**Exercise aim**: Transcribe the lines below verbatim, skipping the images.

[Collected data]
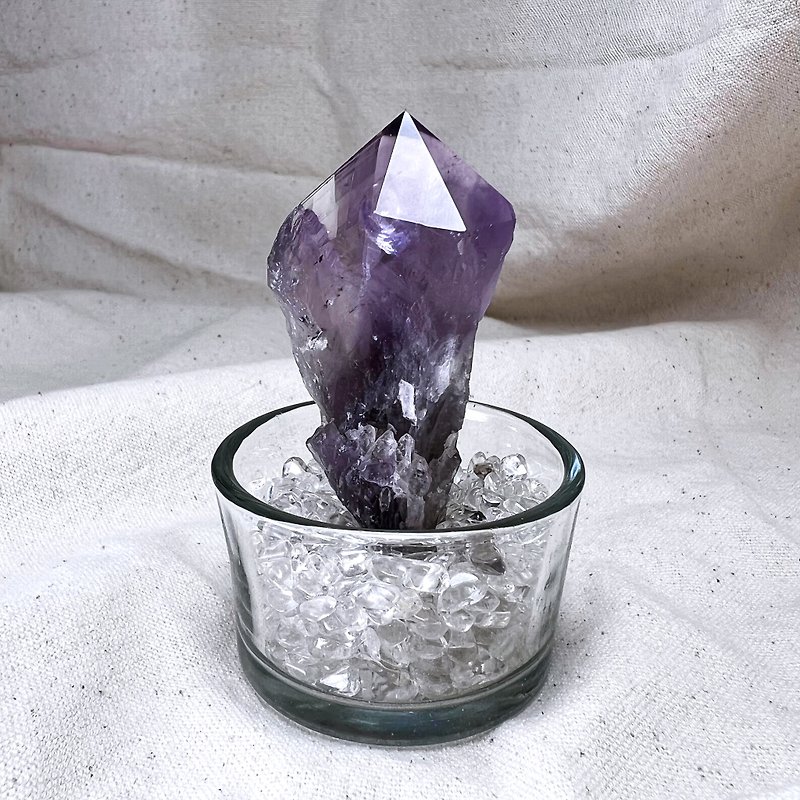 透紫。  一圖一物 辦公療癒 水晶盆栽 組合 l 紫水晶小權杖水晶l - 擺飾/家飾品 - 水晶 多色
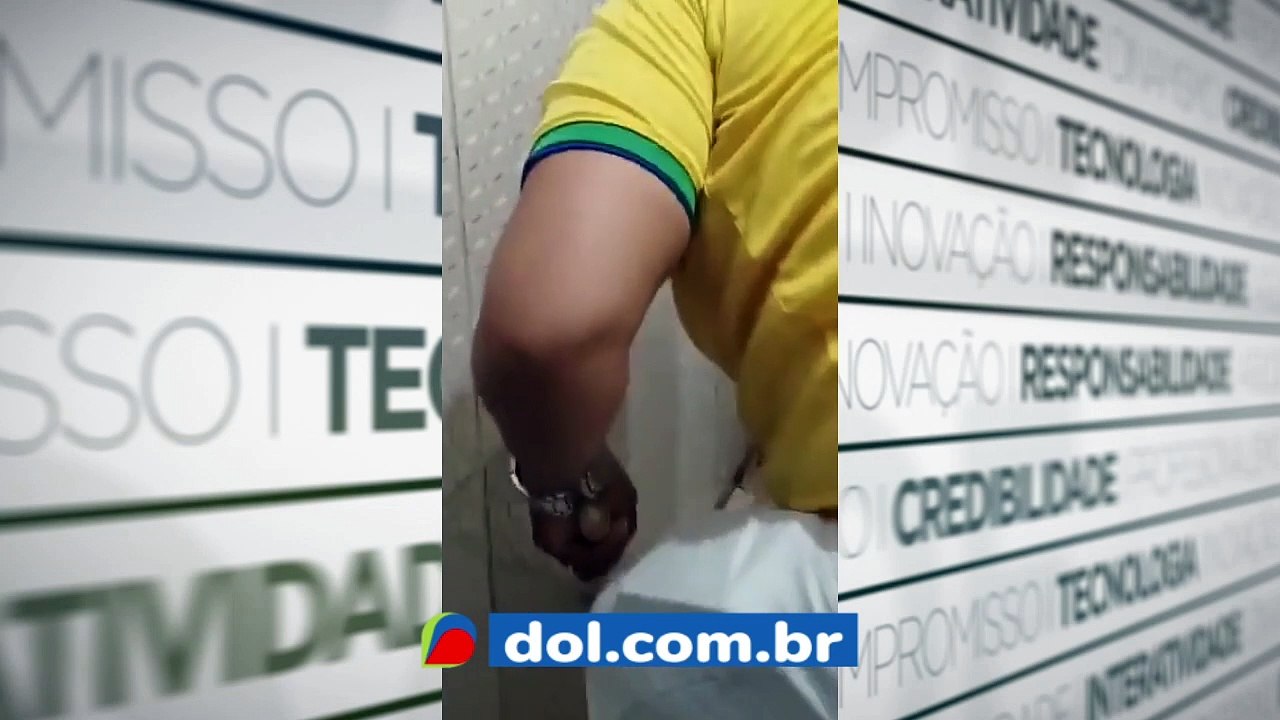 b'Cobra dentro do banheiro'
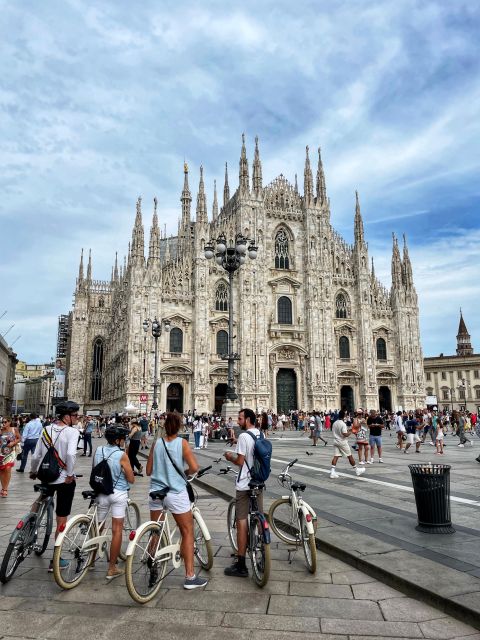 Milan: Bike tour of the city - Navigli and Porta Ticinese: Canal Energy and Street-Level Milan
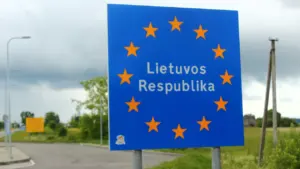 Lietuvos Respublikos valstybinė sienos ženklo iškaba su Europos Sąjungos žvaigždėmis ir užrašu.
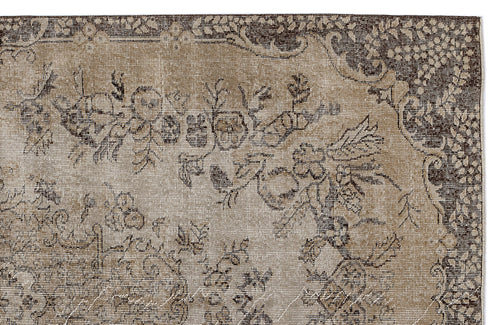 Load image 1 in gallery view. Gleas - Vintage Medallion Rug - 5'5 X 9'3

**Solution to the exercise**:
 透紫。  一圖一物 辦公療癒 水晶盆栽 組合 l 紫水晶小權杖水晶l - 擺飾/家飾品 - 水晶 多色
 b'Cobra dentro do banheiro'
 Milan: Bike tour of the city - Navigli and Porta Ticinese: Canal Energy and Street-Level Milan
 Lietuvos Respublikos valstybinė sienos ženklo iškaba su Europos Sąjungos žvaigždėmis ir užrašu.
 Load image 1 in gallery view. Gleas - Vintage Medallion Rug - 5'5 X 9'3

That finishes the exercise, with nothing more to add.